> **TASK OBJECTIVE**
Beginning with the first line below, please restate each line exactly, down to and including the line containing "CYNTHIA New Fashion".

> **ENTRIES SUPPLIED**
%%
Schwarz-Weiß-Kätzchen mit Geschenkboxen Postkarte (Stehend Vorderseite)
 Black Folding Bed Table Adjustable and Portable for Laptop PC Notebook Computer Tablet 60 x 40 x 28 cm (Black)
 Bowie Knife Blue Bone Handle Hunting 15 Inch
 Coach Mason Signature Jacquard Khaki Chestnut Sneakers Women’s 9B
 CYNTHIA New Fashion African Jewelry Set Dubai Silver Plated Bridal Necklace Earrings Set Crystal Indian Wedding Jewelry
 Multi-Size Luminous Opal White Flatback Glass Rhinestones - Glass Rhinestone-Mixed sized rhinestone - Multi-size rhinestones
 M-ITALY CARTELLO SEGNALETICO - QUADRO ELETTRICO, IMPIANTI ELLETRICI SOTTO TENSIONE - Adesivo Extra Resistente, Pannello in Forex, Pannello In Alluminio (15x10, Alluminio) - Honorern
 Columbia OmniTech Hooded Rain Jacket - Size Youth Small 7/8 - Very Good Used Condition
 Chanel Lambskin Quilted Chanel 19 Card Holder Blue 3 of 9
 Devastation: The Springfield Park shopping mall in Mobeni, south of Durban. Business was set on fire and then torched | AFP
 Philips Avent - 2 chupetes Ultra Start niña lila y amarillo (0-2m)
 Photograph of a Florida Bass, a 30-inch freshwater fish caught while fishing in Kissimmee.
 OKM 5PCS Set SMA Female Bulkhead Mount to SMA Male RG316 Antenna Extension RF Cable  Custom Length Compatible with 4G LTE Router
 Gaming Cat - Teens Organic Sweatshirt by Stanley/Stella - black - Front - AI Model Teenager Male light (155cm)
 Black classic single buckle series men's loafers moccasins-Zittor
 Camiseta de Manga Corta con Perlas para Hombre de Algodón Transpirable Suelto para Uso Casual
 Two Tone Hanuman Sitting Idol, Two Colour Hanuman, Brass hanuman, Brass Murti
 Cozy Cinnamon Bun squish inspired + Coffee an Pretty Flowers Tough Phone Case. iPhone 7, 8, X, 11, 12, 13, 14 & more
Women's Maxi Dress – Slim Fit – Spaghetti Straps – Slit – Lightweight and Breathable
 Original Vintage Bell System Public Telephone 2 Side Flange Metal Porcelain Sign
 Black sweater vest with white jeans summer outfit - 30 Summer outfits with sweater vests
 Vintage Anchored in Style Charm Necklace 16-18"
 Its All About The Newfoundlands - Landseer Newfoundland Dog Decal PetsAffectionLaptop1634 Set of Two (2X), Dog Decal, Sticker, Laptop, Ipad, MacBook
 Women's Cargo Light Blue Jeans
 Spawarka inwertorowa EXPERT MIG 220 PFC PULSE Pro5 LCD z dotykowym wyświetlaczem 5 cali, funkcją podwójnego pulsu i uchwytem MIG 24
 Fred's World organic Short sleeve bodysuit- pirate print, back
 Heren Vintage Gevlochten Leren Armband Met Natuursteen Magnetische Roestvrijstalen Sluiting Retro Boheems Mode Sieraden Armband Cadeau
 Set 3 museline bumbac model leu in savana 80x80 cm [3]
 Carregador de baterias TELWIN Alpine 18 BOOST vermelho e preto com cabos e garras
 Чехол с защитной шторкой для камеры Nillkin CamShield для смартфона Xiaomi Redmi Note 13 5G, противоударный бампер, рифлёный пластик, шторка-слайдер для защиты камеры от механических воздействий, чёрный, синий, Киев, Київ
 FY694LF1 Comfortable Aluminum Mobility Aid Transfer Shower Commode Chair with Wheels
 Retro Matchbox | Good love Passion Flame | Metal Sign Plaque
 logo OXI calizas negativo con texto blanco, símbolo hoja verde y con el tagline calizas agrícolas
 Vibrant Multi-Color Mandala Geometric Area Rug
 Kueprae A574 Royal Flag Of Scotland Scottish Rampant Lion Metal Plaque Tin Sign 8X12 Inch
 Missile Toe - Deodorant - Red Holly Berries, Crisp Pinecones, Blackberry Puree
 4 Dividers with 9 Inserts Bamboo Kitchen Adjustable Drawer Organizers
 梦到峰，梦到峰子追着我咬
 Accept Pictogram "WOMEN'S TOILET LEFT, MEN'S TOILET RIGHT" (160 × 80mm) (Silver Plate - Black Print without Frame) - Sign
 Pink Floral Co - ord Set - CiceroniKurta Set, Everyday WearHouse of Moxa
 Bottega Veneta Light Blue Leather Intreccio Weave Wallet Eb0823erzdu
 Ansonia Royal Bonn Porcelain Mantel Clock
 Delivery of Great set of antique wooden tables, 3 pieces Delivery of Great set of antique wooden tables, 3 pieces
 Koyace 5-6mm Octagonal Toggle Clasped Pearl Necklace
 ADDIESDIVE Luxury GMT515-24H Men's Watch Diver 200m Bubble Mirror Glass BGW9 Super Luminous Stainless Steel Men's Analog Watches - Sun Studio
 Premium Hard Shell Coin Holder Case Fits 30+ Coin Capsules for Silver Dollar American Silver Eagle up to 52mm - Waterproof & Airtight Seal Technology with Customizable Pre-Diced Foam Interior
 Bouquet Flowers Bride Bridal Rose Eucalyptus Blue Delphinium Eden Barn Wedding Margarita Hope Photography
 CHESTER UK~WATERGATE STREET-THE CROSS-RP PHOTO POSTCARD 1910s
%%
> **THE ANSWER**
Schwarz-Weiß-Kätzchen mit Geschenkboxen Postkarte (Stehend Vorderseite)
 Black Folding Bed Table Adjustable and Portable for Laptop PC Notebook Computer Tablet 60 x 40 x 28 cm (Black)
 Bowie Knife Blue Bone Handle Hunting 15 Inch
 Coach Mason Signature Jacquard Khaki Chestnut Sneakers Women’s 9B
 CYNTHIA New Fashion African Jewelry Set Dubai Silver Plated Bridal Necklace Earrings Set Crystal Indian Wedding Jewelry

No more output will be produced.